[eat] Authentic Russian cuisine at Gostiniy Dvor @ Dongdaemun, Seoul

I rarely venture to Dongdaemun area, if I do, it is for one reason only: for Soviet food. Outside Dongdaemun History & Culture Park station is what can be called “Little Russia”, where a number of Russian, Uzbek, Kazakstan etc. restaurants are located. The atmosphere itself is always unusually quiet and mysterious; it just doesn’t feel Korean at all.
The food scene, however, is vibrant. There lie some of the best eats I have ever had in Korea at a quite low price tag. Gostiniy Dvor–a Russian bistro–is the place I am especially fond of.

You have to live in Korea to know how bad Korean beer is. That’s why the bf wasted no time in ordering a Russian beer. It was, he said, one of the best beer one could find in Korea, the reasonable price was a bonus.

We started with Booterbrodikj (bread with butter and caviar–7000 KRW). The presentation was so lovely. I loved the smooth buttery taste with a salty kick from caviar.

Next was lamb Pelmeni (8000 KRW). These little dumplings look cute and taste delicious, especially when paired with sour cream. At 8000 KRW, we were so surprised with the generous portion:

More meat was needed. We ordered Homemade cutlets (8000 KRW) and once again were pleasantly surprised at how hearty and homey it was:

Dessert started with kefir. Too sour for me :-s

BUT the Russian pancakes were HEAVEN. It was a real win–the star of the meal. Two big pancakes stuffed with cottage cheese at 6000 KRW! And they tasted DIVINE.

SO much cheese:


I love the place. Gostiniy Dvor is also listed as one of the best 7 Russian restaurants in Seoul on CNNGo. The food is authentic, the atmosphere is calm and collected, the price can’t be better for a restaurant in Seoul.

Gostiniy Dvor. Dongdaemun History and Culture Park, exit 7. Take a u-turn to the right as you come out.
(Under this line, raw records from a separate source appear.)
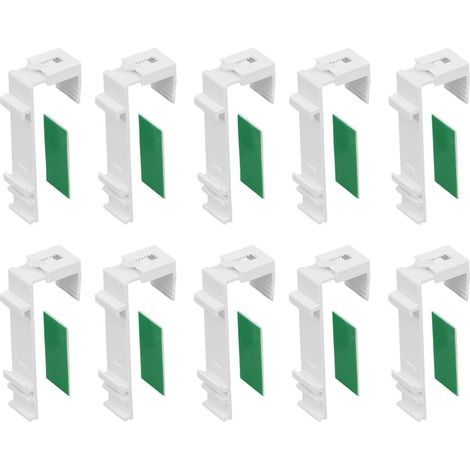 CCYKXA 10 Long Clamping Brackets for Double Fixing and Adhesive without Drilling, as an Accessory or Replacement Part for Hanging on PVC Windows, Balcony Doors, Roller Blinds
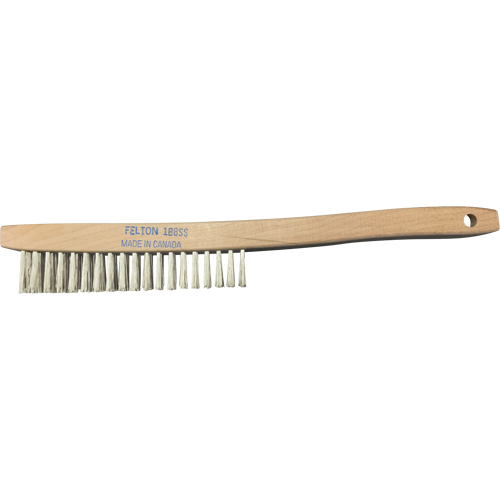 Brosses de nettoyage &agrave; manche recourb&eacute;, Acier inoxydable, 4 x 19 rangs de fils, Longueur 14" Canadian Safety Group Inc.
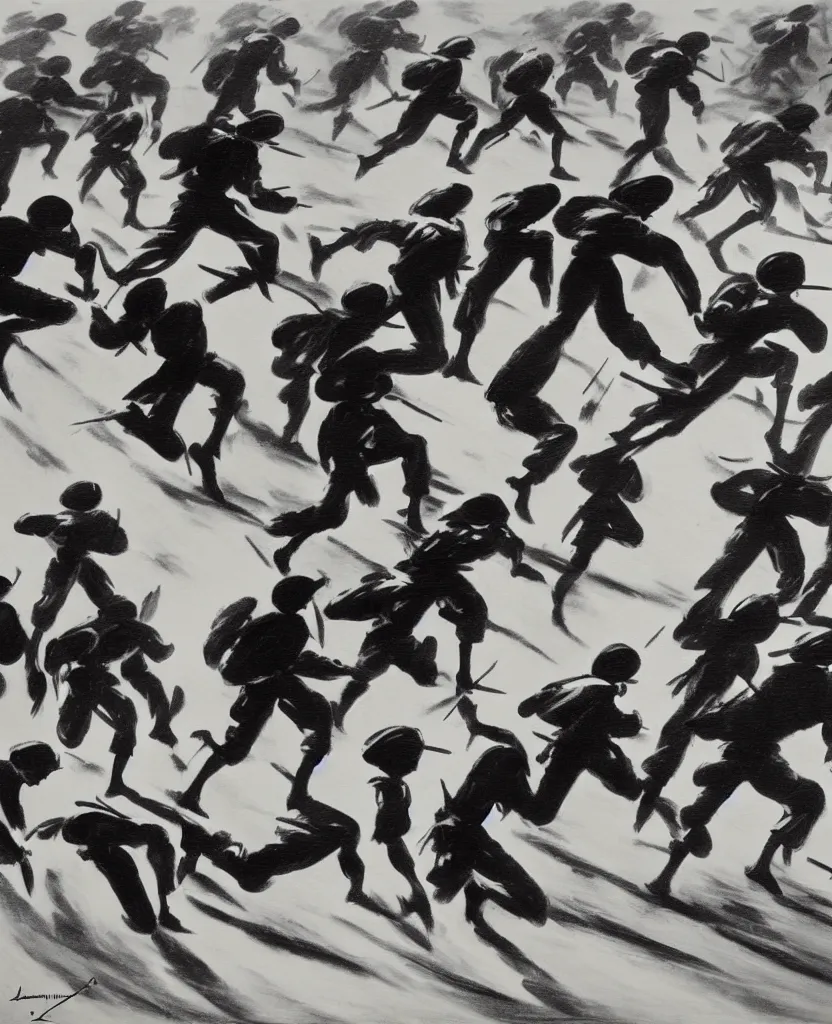 Prompt: a beautiful painting of running soldiers in el alamein battle, wwii,, black and white, painted by laszlo moholy nagy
Gostiny Dvor is down the first alley to the left.


15 thoughts on “[eat] Authentic Russian cuisine at Gostiniy Dvor @ Dongdaemun, Seoul

    • Actually, butter and caviar make a great combination. A canape made with a piece of baguette, a thin layer of real butter (not a vegetable spread) and red caviar is a traditional Russian appetizer and it tastes divine. Although it can be made with any type of bread (which can also be lightly toasted and cooled to room temperature), the authentic recipe calls for a plain fresh baguette and that’s what most Russians would use. So, what I see in the picture is not exactly how it is supposed to be done: the bread that was used is what we in Russia call “plain bread” which is great for having with soup but it doesn’t compliment caviar very well; besides, there is way too much butter. However, these little “buterbrodi” are still quite tasty and the caviar they serve in this restaurant is not bad considering that high quality red caviar is not easy to find in Korea. Everything else on the menue is authentic food from different regions of the former Soviet Union, prepared exactly the way it should be. My only disapointment (and a huge one!) was that I didn’t find shashlik (a type of kebab) on the menue, and a real Russian cannot survive too long without shashlik. :-)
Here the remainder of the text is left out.